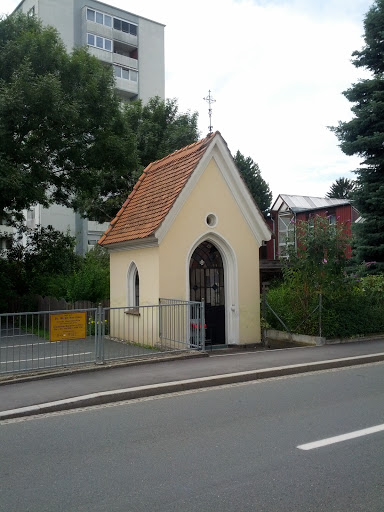 Kapelle Raiffeisenstrasse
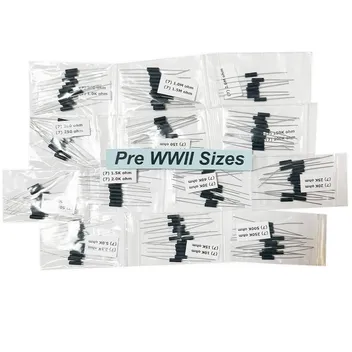 (RES KIT #17) 7X25=175 ETMCCR101J-205J.5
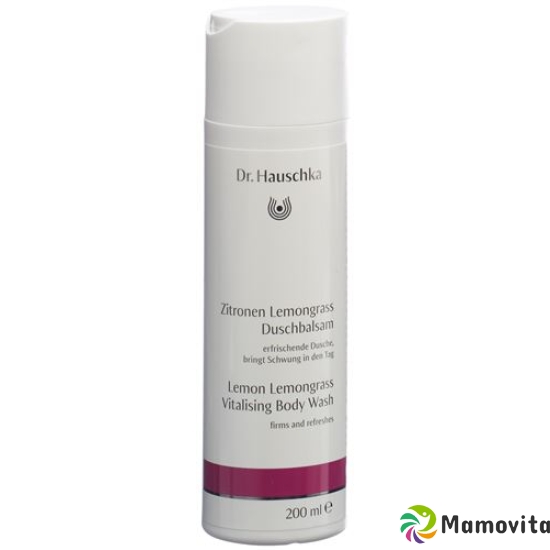 Dr. Hauschka Lemon Lemongrass Shower Balm 200 ml buy online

## Aim of the exercise
Only the pictures are to be left out; print everything else in the listing exactly.

## Task solution
 Kapelle Raiffeisenstrasse
 (RES KIT #17) 7X25=175 ETMCCR101J-205J.5
 Dr. Hauschka Lemon Lemongrass Shower Balm 200 ml buy online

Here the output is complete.